2.21 Style & Conventions

Programming Style

So far, we have reviewed all the aspects of the various basics of Solidity: syntax, semantics, ... are rules that are enforced in the Solidity grammar.

Programming style on the other hand is coding convention, and these are different across different developers. Different styles are adopted based on what the developer is comfortable with based on what they believe is an optimal way of programming, but fundamentally the programming style is about consistency.

The reason is that programming style affects the readability and maintainability of the code. So when anyone other than the developer looks at the code to evaluate the security, to audit it or to make fixes or extend those smart contracts, the consistency of the programming style becomes important.

If different styles are used within the same function, within the same module or within the same project, because of the same developer not being consistent or because multiple developers are involved in that project having different styles, then this significantly affects the readability and maintainability of the code, impacting both significantly on the security life cycle of the code.

Programming style is subjective in nature: different developers, different teams might have different philosophies as to what works best for them. The key is consistency within the function modules, contracts or projects, as it affects readability and maintainability, which are critical for security, specifically with respect to smart contract audits.

There are two main categories of programming style, that of code layout and that of naming.

Code Layout

Code layout refers to the physical layout of the various programming elements within a source code file. There are many programming style aspects related to code layout: those related to indentation, where the best practice and Solidity is to recommend 4 spaces per indentation level and to prefer spaces over tabs and to definitely not mix them.

There are also style guidelines with respect to blank lines used to surround declarations, with the max line length that's recommended to be 79 or 99 characters for best readability. There are also recommendations for wrapping lines, for the encoding used in the source files (ASCII or UTF-8), and for keeping the import statements at the top of the file and not anywhere else.

Finally, the ordering of the functions within the contract, where the recommendation is to have the constructor as the first in that order followed by functions of different visibilities. Grouping all the external functions first, followed by public functions and then internal and then private functions.

Strings are recommended to be used with double quotes instead of single quotes operators, spaces have some guidelines as well. Finally the ordering of different program elements within a Solidity file also have a guideline, which is to have the pragma declaratives all the way at the top, followed by the import directives and then the contract library or interface definition itself.

Within each of the contracts libraries and interfaces, the guideline suggests using the types first, followed by declarations of state variables, then events and finally all the various functions.

Naming Conventions

The next aspect of programming style is naming convention. This refers to the names that are given to various variables, events, contracts, libraries and all the different program elements used within smart contracts.

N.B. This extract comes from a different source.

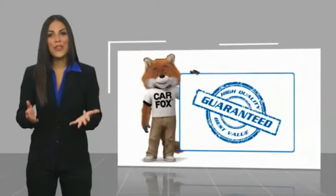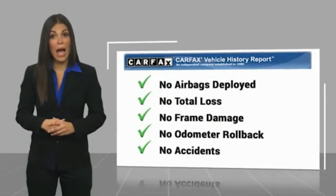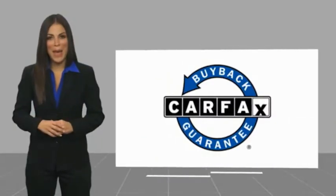Here's another high-quality vehicle with a Carfax Vehicle History Report. Be sure to find a complimentary copy of this report online or contact the dealership. This vehicle qualifies for the Carfax Buyback Guarantee.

There are different types of names: lower case names, lower case with underscores, all upper case, upper case with underscores, capitalized words, mixed case, capitalized words with underscores and so on. All these different types are recommended to be used for different program elements, and as a general rule the guideline is to avoid letters that can be confused with the different numerals, like the lowercase letter"l", or the uppercase letter "O" and uppercase letter "I" that could be confused with 0 and 1 numerals.

Contract and libraries should be named with cap word style, they should also match their file names and if a contact file includes multiple contracts and libraries then the file name should match the core contract (or what is considered as a core contract for that file by the developer).

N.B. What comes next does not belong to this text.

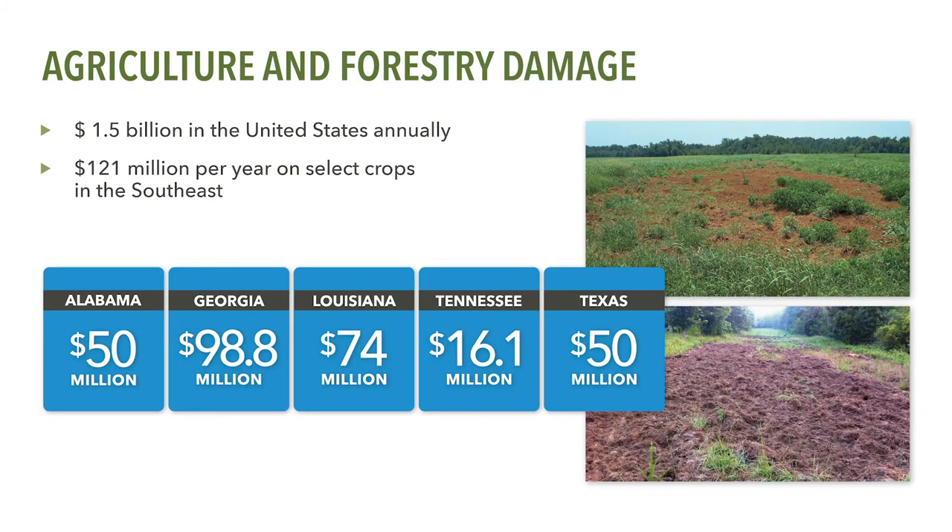Along with a significant expansion of feral swine populations in the United States comes increased damage to agriculture and forestry. Because of their destructive feeding behavior and rooting, feral swine cause more than $50 million per year in damage to agriculture and forestry in Alabama. Likewise, other states in the southeast, such as Georgia, Louisiana, and Tennessee, have experienced similar levels of damage, with damages ranging in the tens of millions of dollars per year. Some research suggests damages due to feral swine are in the hundreds of millions in the southeast.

Structs should be named using the cab word style. Event should be named using cap word style again. Functions should be named using mixed case.

This is something that you'll encounter often within contracts developers are sometimes consistent with these naming, sometimes they're mixed up because of multiple developers or the style just not being consistent or being confused with that of some external libraries.

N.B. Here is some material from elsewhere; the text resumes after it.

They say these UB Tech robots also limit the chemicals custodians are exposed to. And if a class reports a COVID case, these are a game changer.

Again all these aspects affect the readability and maintainability, they do not have any impact on the syntax or the semantics of the contract itself.

The bytecode is just the same but it has an effect to a certain extent, on the security audit aspect when you look at this code, and when the naming convention is different or not consistent then it could lead to some assumptions being made on these variables being the same ones or different ones.

Some more naming conventions are: function arguments should be in mixed case, local state variables again in mixed case, constants however should be with all capital letters and underscores separating the multiple words if they are present.

Modifiers in mixed case, enums in cap word style and finally one should avoid naming collisions where the desired names, variables or functions collides with that of a built-in within Solidity or any other reserve name. So those should be resolved using single trailing underscores in those names.